Keyboard shortcuts

Press or to navigate between chapters

Press S or / to search in the book

Press ? to show this help

Press Esc to hide this help

Configuration Reference

This document provides a comprehensive reference for the haddock-runner configuration YAML file format. It describes all available options, their purpose, valid values, and examples.

Keep in mind that YAML format is indentation-sensitive!

Configuration File Structure

The configuration file is a YAML document with two main sections:

general:
  # Global configuration options

scenarios:
  # Benchmark scenarios to execute

General Configuration

The general section contains global settings that apply to all scenarios and targets.

Options

OptionTypeRequiredDescription
max_concurrentintegerYesMaximum number of jobs to run simultaneously.
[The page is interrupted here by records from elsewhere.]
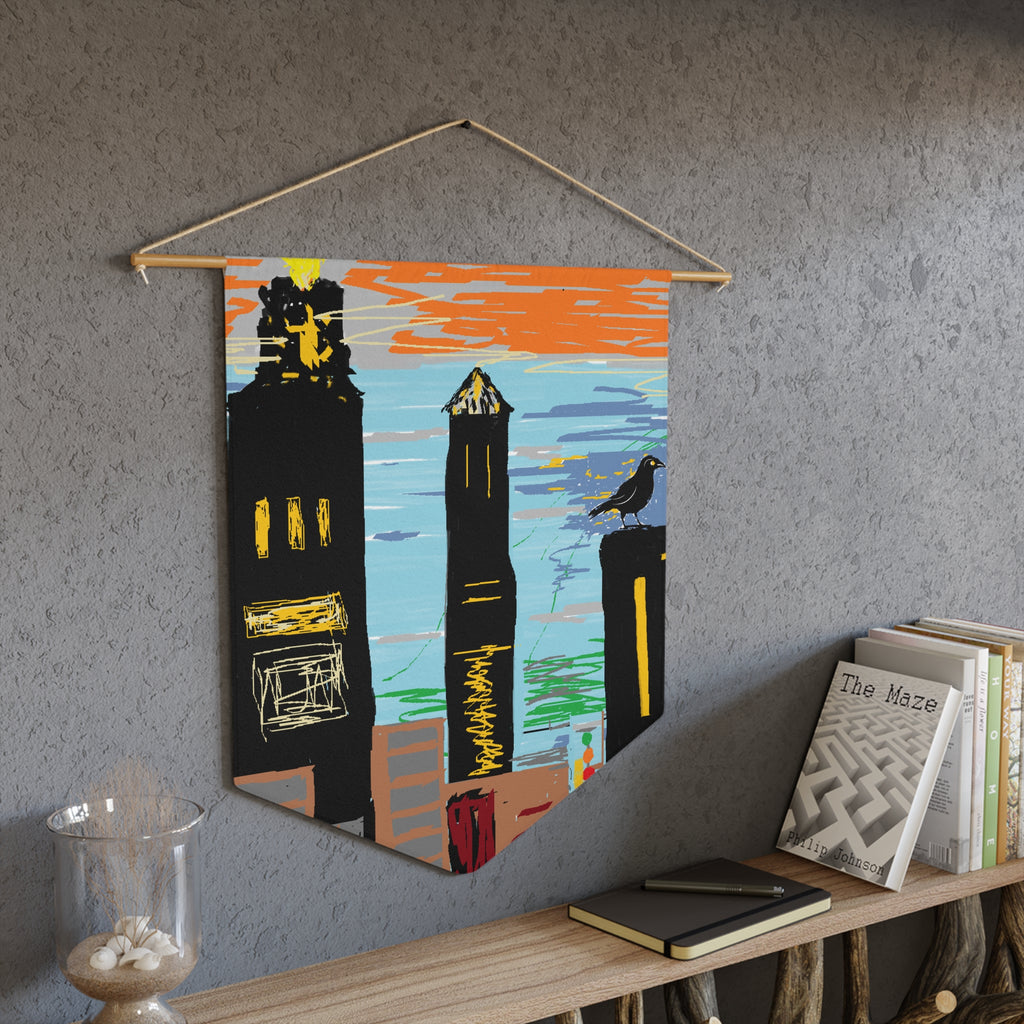 City Skyline Pennant Wall Banner — Sunset Towers with Crow Art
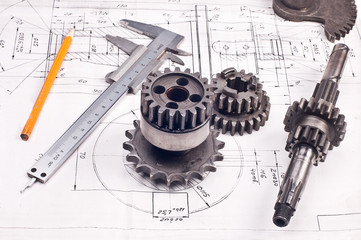 Calliper with part on Engineering drawing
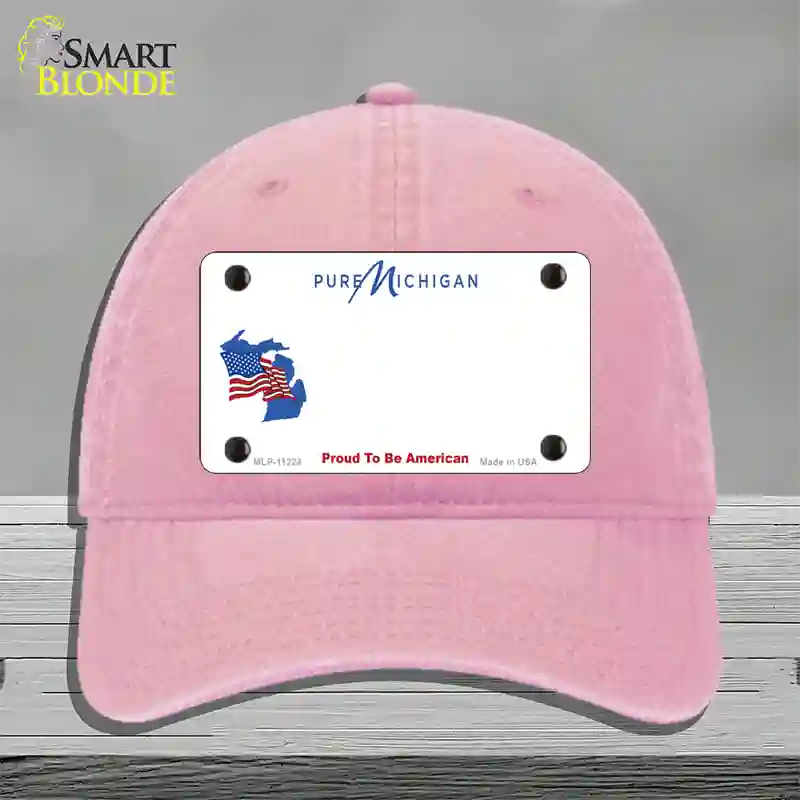 Pure Michigan Proud To Be American Novelty License Plate Hat Unconstructed Cotton / Pink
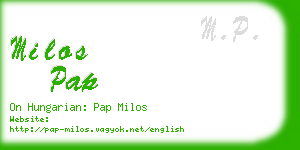 milos pap business card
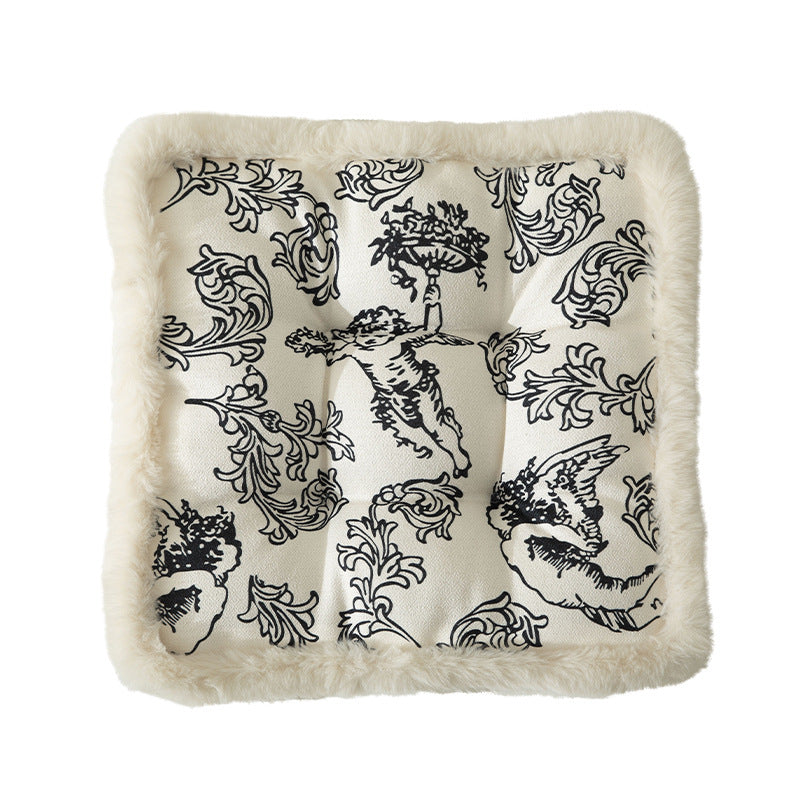 Square seat cushion with quilted upholstery and faux fur border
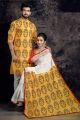Durga Puja Special Saree Block Print Half Silk Saree & Dhupian Silk Panjabi Combo For Couple Stylesh & fashionable best couple for man and women.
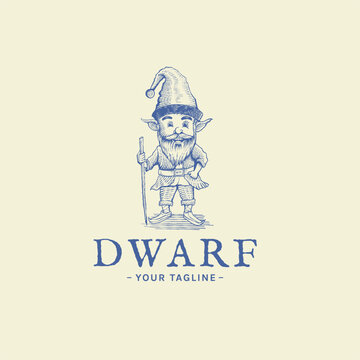 dwarf vintage logo with engraving style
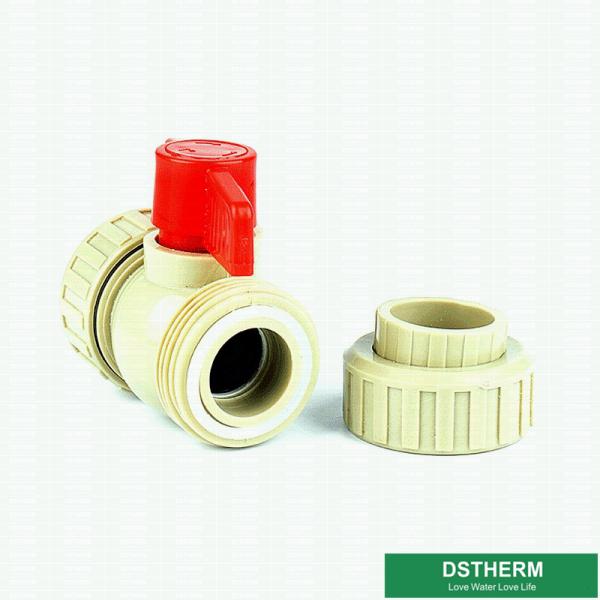 Red Handle Plastic Union Ball Valve With Brass Ball Normal Pressure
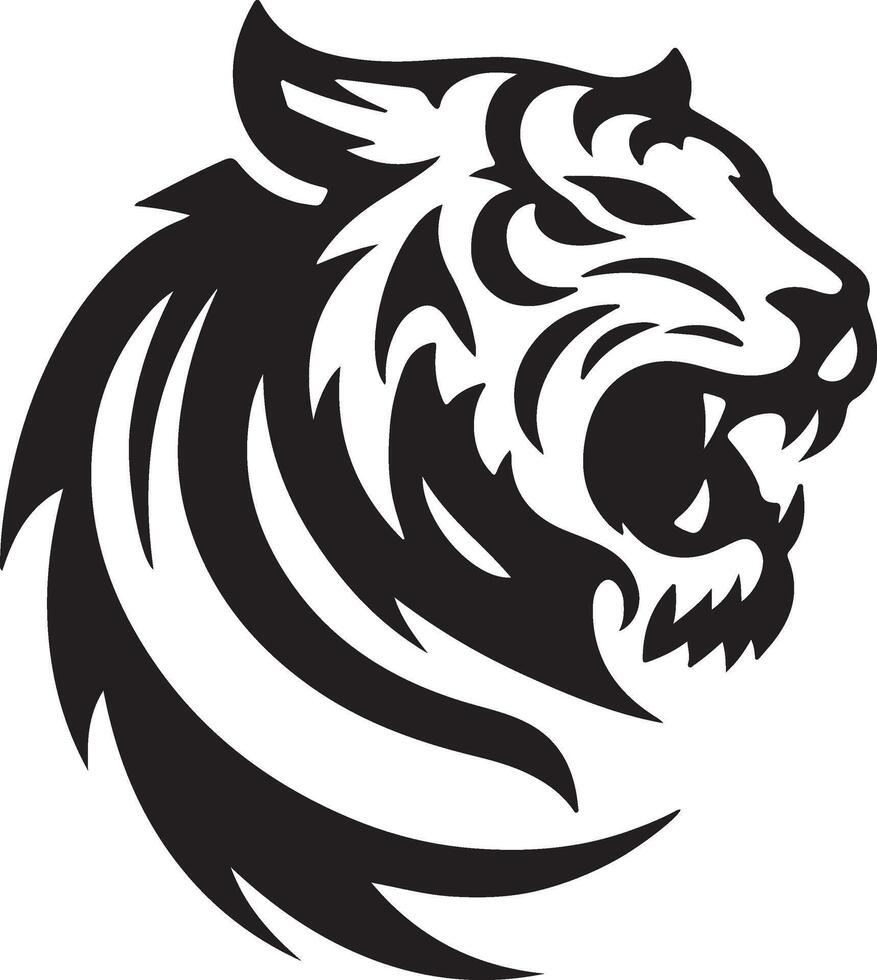 Tiger Head Minimalist Logo Template Clean Wild Animal Design vector
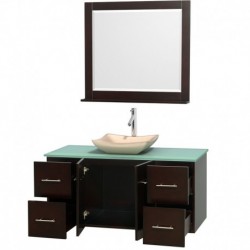 48 inch Single Bathroom Vanity in Espresso, Green Glass Countertop, Avalon Ivory Marble Sink, and 36 inch Mirror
Controls how many target-scenario combinations execute in parallel.
ncoresintegerYesNumber of CPU cores to allocate per job.
executionstringYesExecution backend. Valid values: local, slurm.
partitionstringNoSLURM partition to submit jobs to when execution: slurm. If omitted, the cluster default partition is used.
mol_suffixesarray of stringsYesFile suffixes used to identify molecule files. Must contain at least 2 suffixes (typically receptor and ligand).
input_liststringYesPath to the input list file containing file paths for all targets.
work_dirstringYesDirectory where benchmark results will be stored. Created automatically if it doesn’t exist.

Example

general:
  max_concurrent: 4
  ncores: 2
  execution: local
  mol_suffixes: [_r_u, _l_u, _x_u]
  input_list: docking/input_list.txt
  work_dir: ./results

Notes

  • Local execution: When using execution: local, the total number of CPU cores required is max_concurrent * ncores. Ensure your system has enough cores.
  • SLURM execution: When using execution: slurm, ensure SLURM is installed and configured. The sbatch and sacct commands must be available in your PATH.
  • File suffixes: The mol_suffixes array defines patterns used to identify molecule files in the input list. Files matching these patterns are grouped together as molecules for each target.

Scenarios Configuration

The scenarios section defines the different docking workflows to test. Each scenario is executed for every target specified in the input list.

Scenario Options

OptionTypeRequiredDescription
namestringYesUnique identifier for this scenario. Used as directory name in the results.
workflowmappingYesHADDOCK3 workflow configuration defining modules and their parameters.

Example

scenarios:
  - name: true-interface
    workflow:
      topoaa:
        autohis: true
      rigidbody:
        sampling: 1000
        ambig_fname: _ti.tbl
      flexref:
        ambig_fname: _ti.tbl
      caprieval:
        reference_fname: _ref.pdb

  - name: center-of-mass
    workflow:
      topoaa:
        autohis: true
      rigidbody:
        sampling: 500
        cmrest: true

Input List File Format

The input list file (specified by general.input_list) contains paths to all files required for each docking target. Files are automatically grouped into targets by a shared identifier derived from the filename: for molecule files, the identifier is the part of the filename before the configured mol_suffixes match; for restraints, topology/parameter, shape, and miscellaneous files, grouping typically uses the part before the first underscore.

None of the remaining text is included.